Directions for this task ▸ Print nothing except the line holding "NECA Horror of" and the lines that come after it in the material below, and leave the pictures out.

Given information ▸

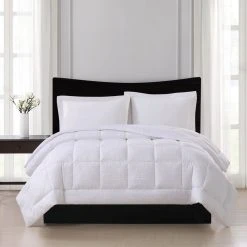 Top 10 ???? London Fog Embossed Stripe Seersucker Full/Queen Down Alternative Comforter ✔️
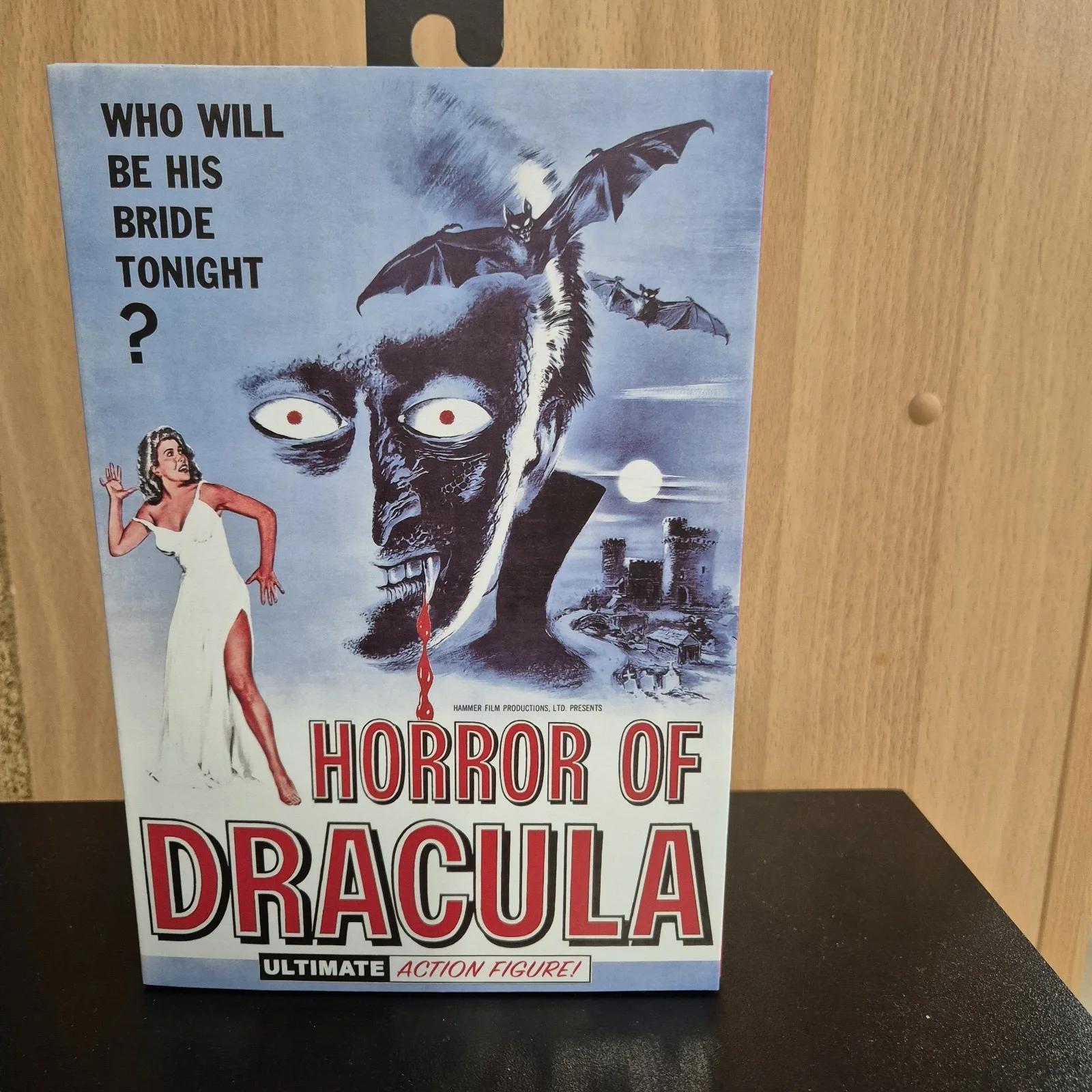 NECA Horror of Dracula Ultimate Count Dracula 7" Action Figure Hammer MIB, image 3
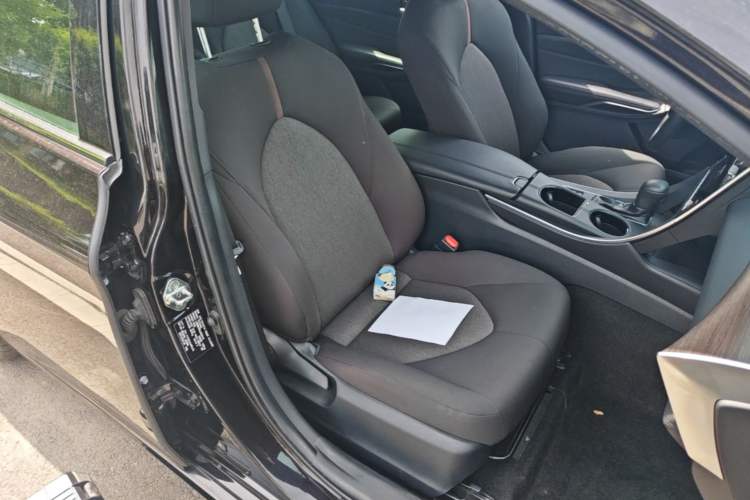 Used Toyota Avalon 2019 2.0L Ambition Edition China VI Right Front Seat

Answer area ▸
 NECA Horror of Dracula Ultimate Count Dracula 7" Action Figure Hammer MIB, image 3
 Used Toyota Avalon 2019 2.0L Ambition Edition China VI Right Front Seat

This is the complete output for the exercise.